Weekend of Poetry at the Teahouse.

Saturday 16th 6pm-8pm. Open Mic.

Jam Bones presents an evening of poetry and prose

A showcase and open mic of dark, melancholy, romantic, sensual, and moody poetry and prose. Bring a poem or piece of literature that you’d like to share, either written by yourself or by a favourite writer, or simply come along and listen in our atmospheric, candle-lit venue. Contact jambonesevents@gmail.com if you’d like to take part.

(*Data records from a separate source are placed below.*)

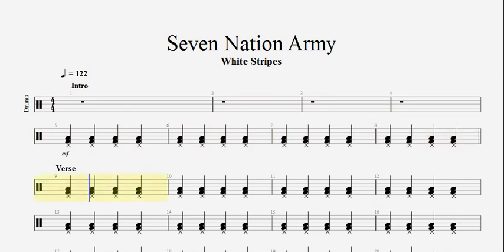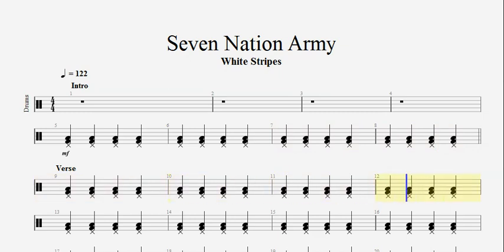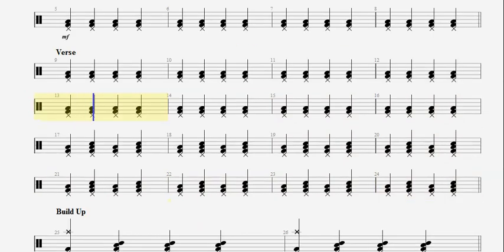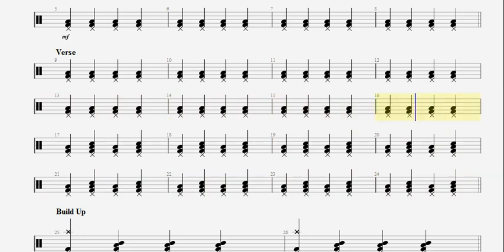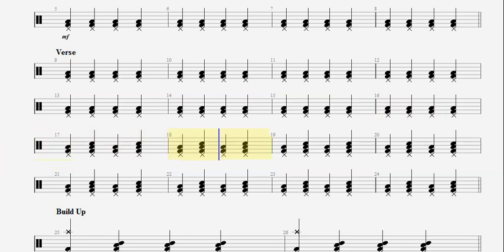I'm gonna fight them all. I said the nation army couldn't hold me back, they're gonna rip it off. Taking their time right behind my back and I'm talking to myself at night because I can't forget.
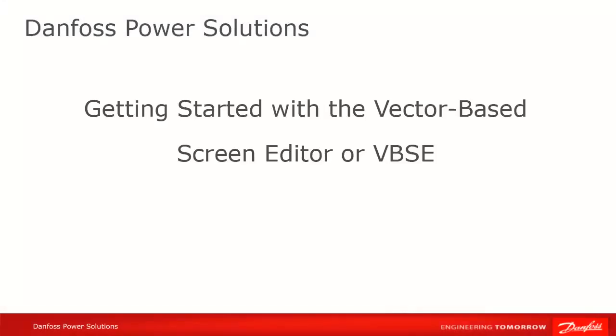In this tutorial, we're going to introduce you to the Vector-Based Screen Editor, or VBSE.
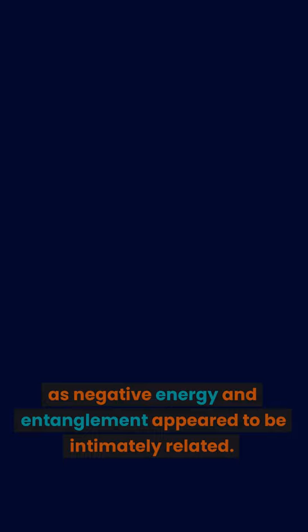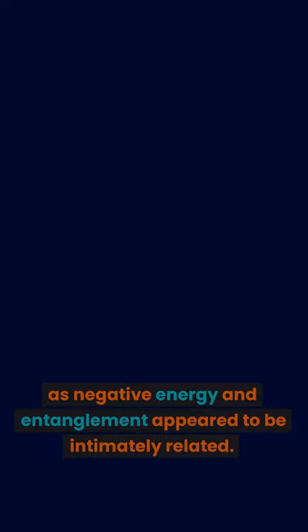He discovered that negative energy could be the key to measuring entanglement, as negative energy and entanglement appeared to be intimately related.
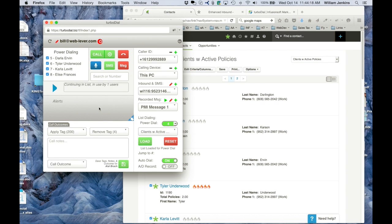Now let's talk about what's on this screen. First of all, this curtain dropped right here — the PowerDialing curtain. The first four contacts that I can call are listed. Notice it's 5, 6, 7, 8, so that means I did not start at the beginning of the list — I'm continuing the list. But notice the list is only in use by one user, and since I'm that user, I'm the only person using the list right now. So if I were to reset the list, there's no harm in that because no other users would be affected.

Sunday 17th 6pm-8pm. Written Roath.

with Shelagh Weeks, Peter Finch and Dan Anthony

Location and the experience of place informs Dan Anthony’s writing, often taking surprising, tangential twists. The Albany Hotel, in Donald Street, became a global local for Radio Wales, in ‘Pub Globo’; Amesbury Road was the spot where a time travel tale reached its resolution and the greenhouse in Roath Park is the spot, where, at night, plants are trained to take over the world by a crazy professor from the university.
Peter Finch is a poet, critic, author and literary entrepreneur living in Cardiff, Wales. As a writer he works in both traditional and experimental forms, and is best known for his declamatory poetry readings, his creative work based on his native city of Cardiff and his series of books on Wales.
I’m walking through Roath, the classic worker’s town. Its meshed terraces spread east from the industrial city. Roath originally stretched the whole way from the Crockerton East Gate to the Rumney River. Rath. Raz. The name has a hard, pre-British sound. There’s a theory, which I like enormously, that the city should never have been called Cardiff in the first place. Its original name was Roath…
 
Shelagh Weekscurrently lives in Cardiff and works as a lecturer in creative writing at Cardiff University. She also has a first novel out, and writes short stories, including ‘Mint Sauce’ which won the Cinnamon Pres short story award in 2007. Shelagh is presently working on a collection of inter-connected short stories, beginning in Bristol in the early twentieth century, and later moving across the bridge to take in Cardiff and other places. Major characters from one story brush the edges, or are glimpsed, in subsequent stories.